**STORED DATA:**
/---

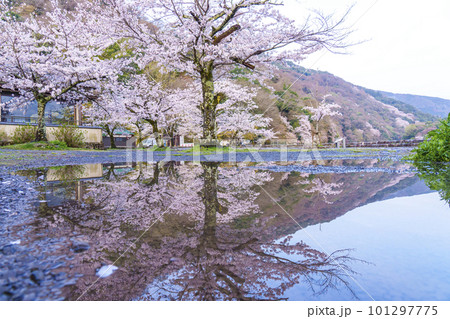 京都嵐山　渡月橋付近　水たまりに映る満開の逆さ桜 101297775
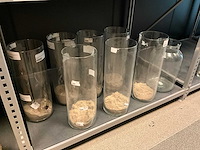 Vaas (50x) - afbeelding 12 van  14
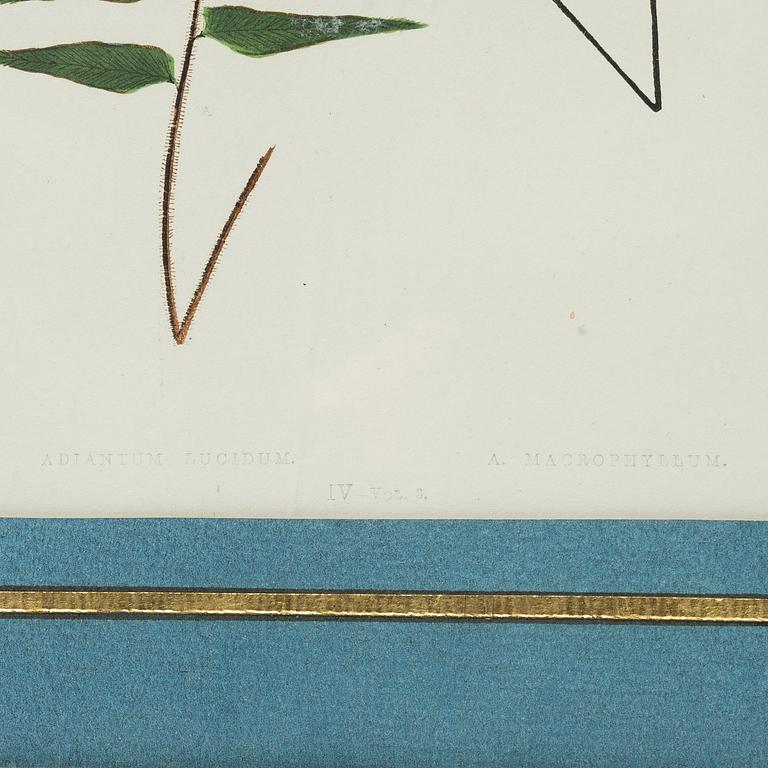 Lithographs, 3+1, late 19th century.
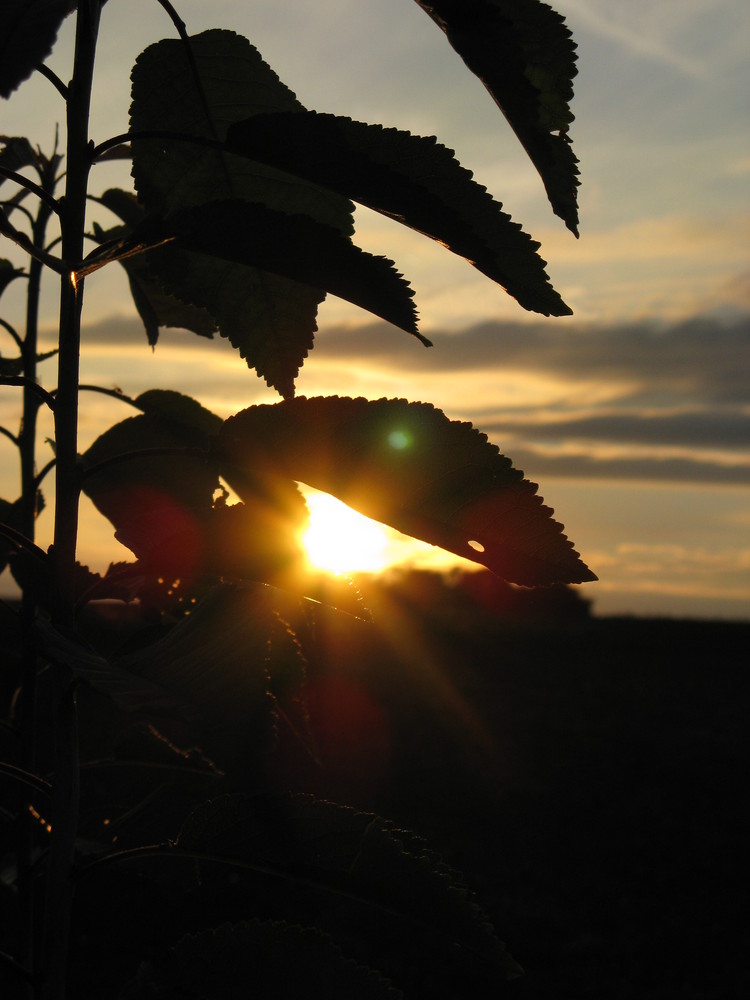 Harvest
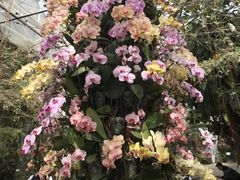 -北京植物园-展览温室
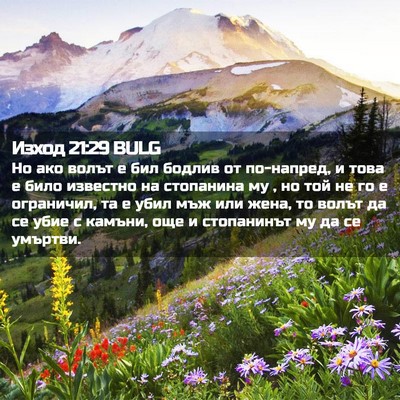Picture 02 - Изход 21:29 BULG - Но ако волът е бил бодлив - Bible Verse Picture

\---

The entries are to be written out again exactly, without their pictures.

**RESPONSE BELOW:**
 京都嵐山　渡月橋付近　水たまりに映る満開の逆さ桜 101297775
 Vaas (50x) - afbeelding 12 van  14
 Lithographs, 3+1, late 19th century.
 Harvest
 -北京植物园-展览温室
Picture 02 - Изход 21:29 BULG - Но ако волът е бил бодлив - Bible Verse Picture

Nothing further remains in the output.